#### DATA FOR ANALYSIS
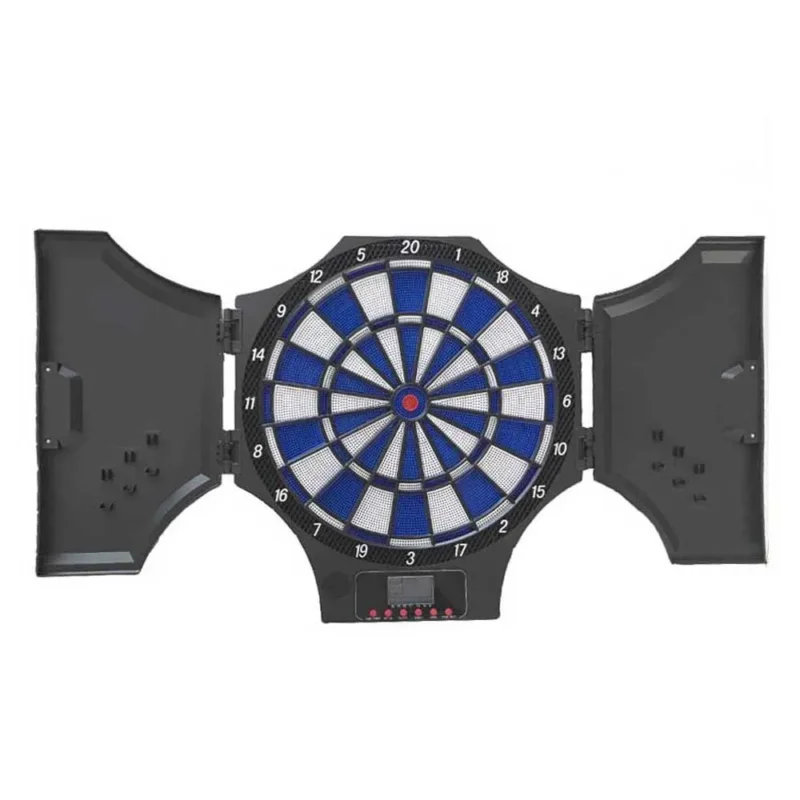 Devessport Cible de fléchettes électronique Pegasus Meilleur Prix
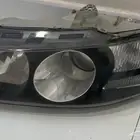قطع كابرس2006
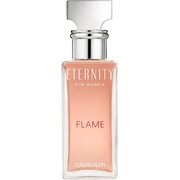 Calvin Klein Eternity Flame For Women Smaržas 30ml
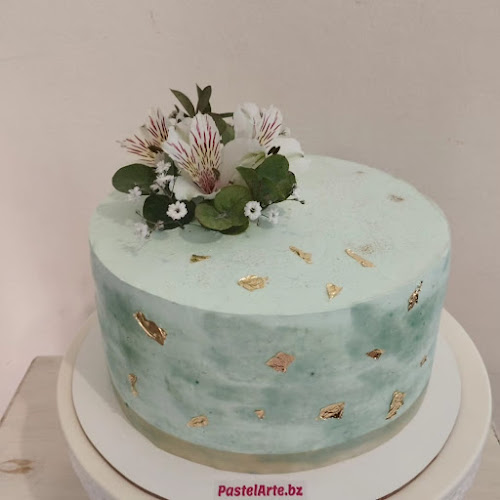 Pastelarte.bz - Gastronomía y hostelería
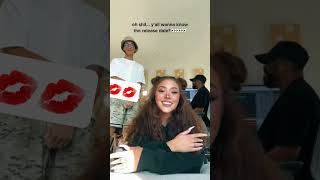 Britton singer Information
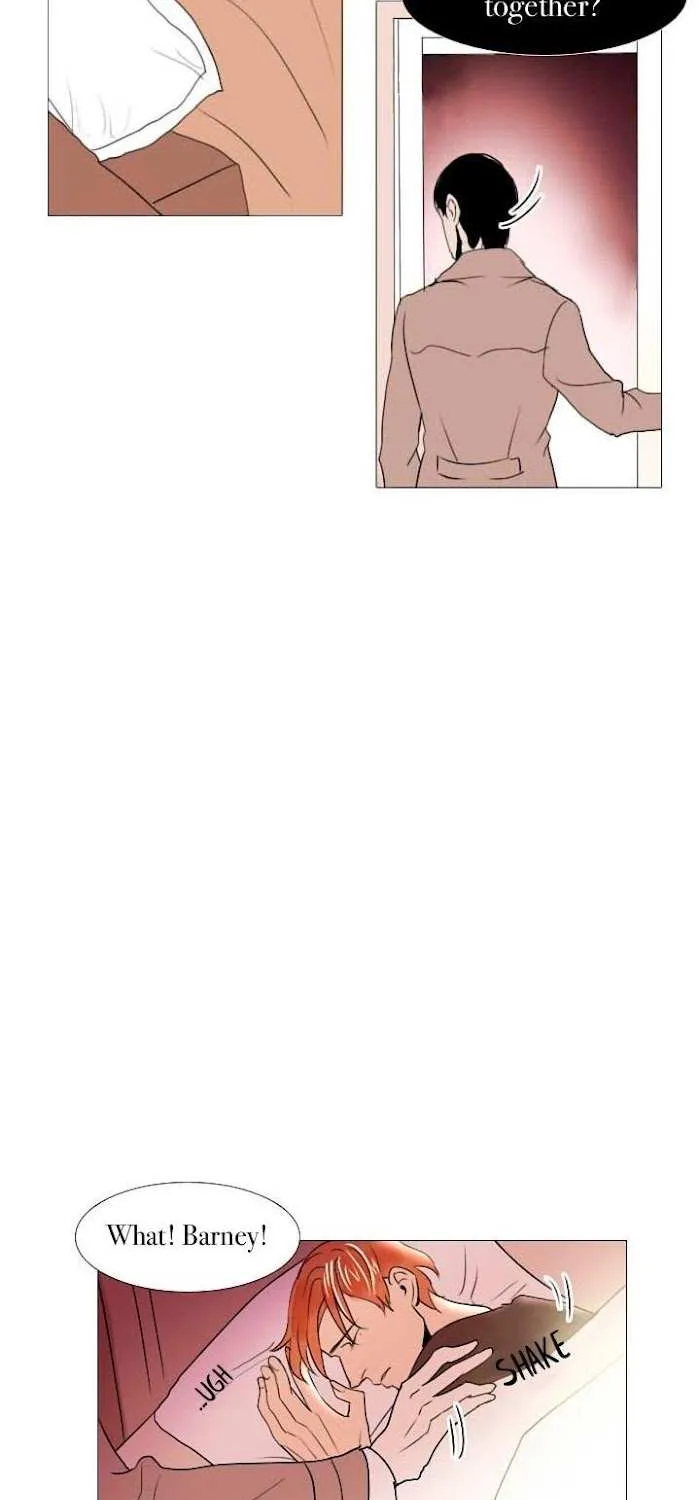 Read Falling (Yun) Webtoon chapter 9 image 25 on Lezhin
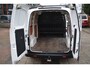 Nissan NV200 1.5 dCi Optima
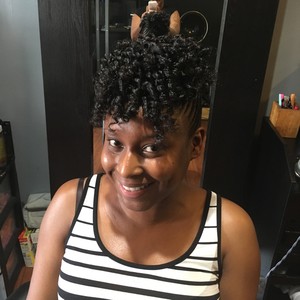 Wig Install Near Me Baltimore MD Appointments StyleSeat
########
#### DATA FOR ANALYSIS
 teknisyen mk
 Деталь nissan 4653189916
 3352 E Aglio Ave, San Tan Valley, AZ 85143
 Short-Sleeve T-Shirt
########
#### DATA FOR ANALYSIS
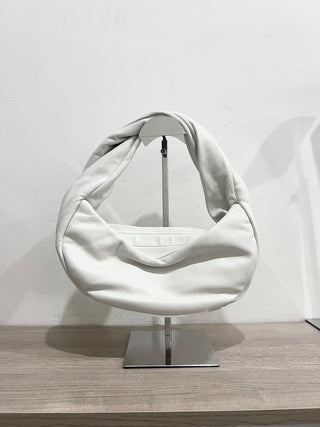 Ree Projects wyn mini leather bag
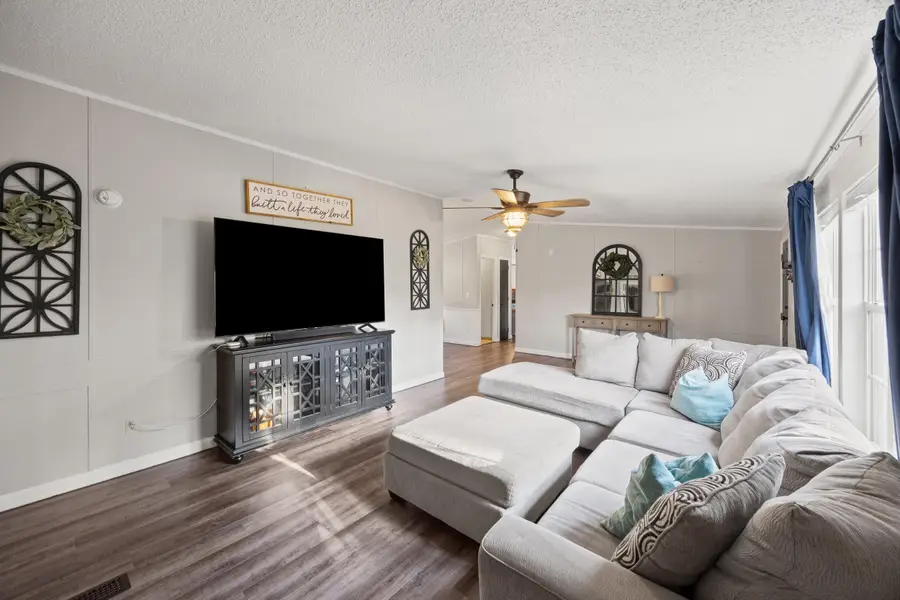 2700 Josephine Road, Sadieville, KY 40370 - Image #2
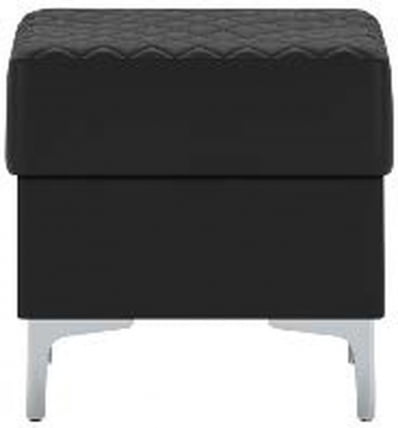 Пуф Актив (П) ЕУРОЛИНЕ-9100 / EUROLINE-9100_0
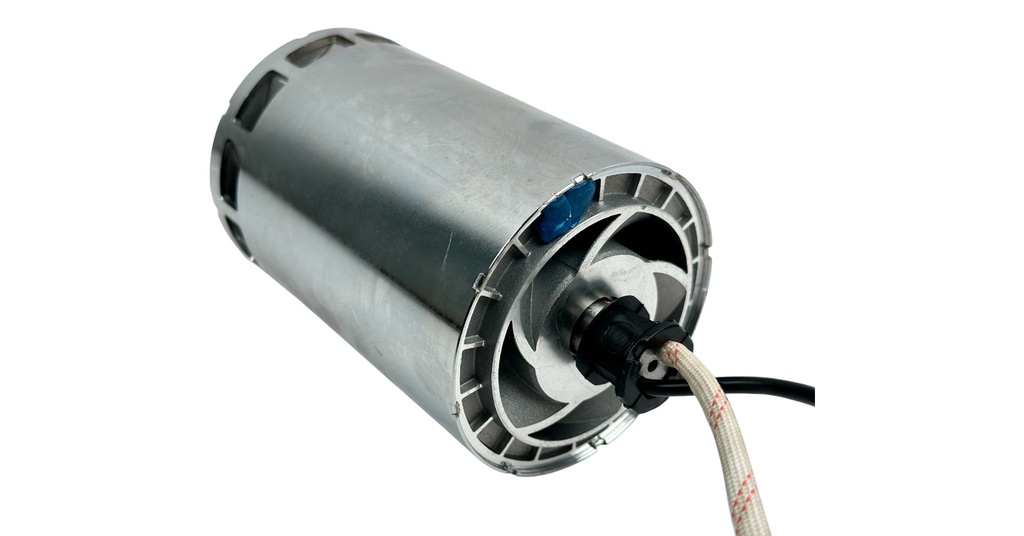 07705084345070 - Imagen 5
########
TASK REQUIREMENTS ▸ Restate word for word every line from the one with "Devessport Cible de" up to and including the one with "Wig Install Near" in the records above, minus the pictures.

EXERCISE RESULT ▸
 Devessport Cible de fléchettes électronique Pegasus Meilleur Prix
قطع كابرس2006
 Calvin Klein Eternity Flame For Women Smaržas 30ml
 Pastelarte.bz - Gastronomía y hostelería
 Britton singer Information
 Read Falling (Yun) Webtoon chapter 9 image 25 on Lezhin
 Nissan NV200 1.5 dCi Optima
 Wig Install Near Me Baltimore MD Appointments StyleSeat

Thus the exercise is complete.